No one had told him being CMO meant so much paperwork .

“This isn’t how it was supposed to go...” The medic grumbled to no one in particular.

After a long moment of staring at the ceiling, the back of his servo, and doing really anything that didn’t have to do with the reports, he let his helm fall forward and hit his desk with a quiet thunk . The stacks of paperwork seemed even more daunting from this angle.

This would be easier with Ambulon’s help.

The medic wilted.

Everything would be easier with Ambulon’s help.

First Aid lightly hit his helm on the desk again. 

Now isn’t the time to mourn.

With a performative huff, First Aid lifted his helm and focussed his thoughts on the records.
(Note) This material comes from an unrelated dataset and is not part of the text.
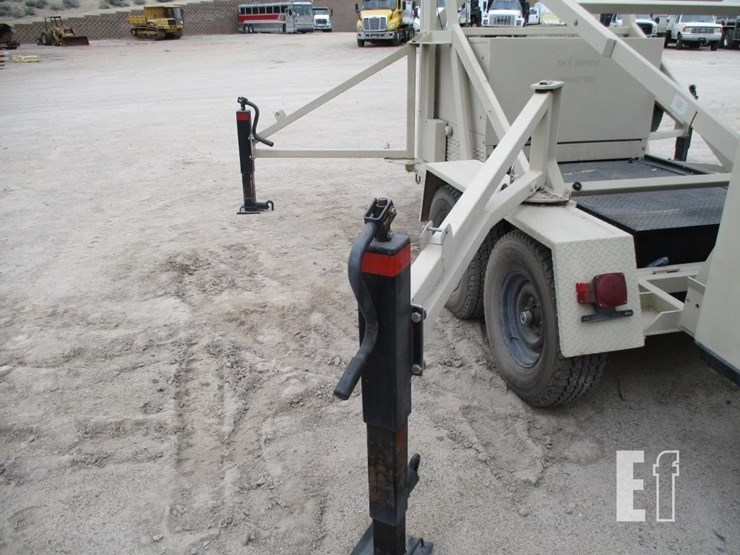 2000-skywatch-image-24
Most of them were just sign offs anyway. Easy peasy. Well, easy peasy with base level organization.

Ambulon always had this system of sorting files as he went, signing off on logs and handing them to Aid to catalogue, then tossing things like prescriptions and future appointments into a 'Later' pile, only to rinse and repeat. It was nauseatingly efficient, sometimes First Aid would get distracted just watching how fluidly he worked.

Primus, stop thinking about Ambulon.

After a moment of sitting with his face in his servos to clear his head, the mech sat up, righted his posture, and got to work. Using Ambulon’s system, of course.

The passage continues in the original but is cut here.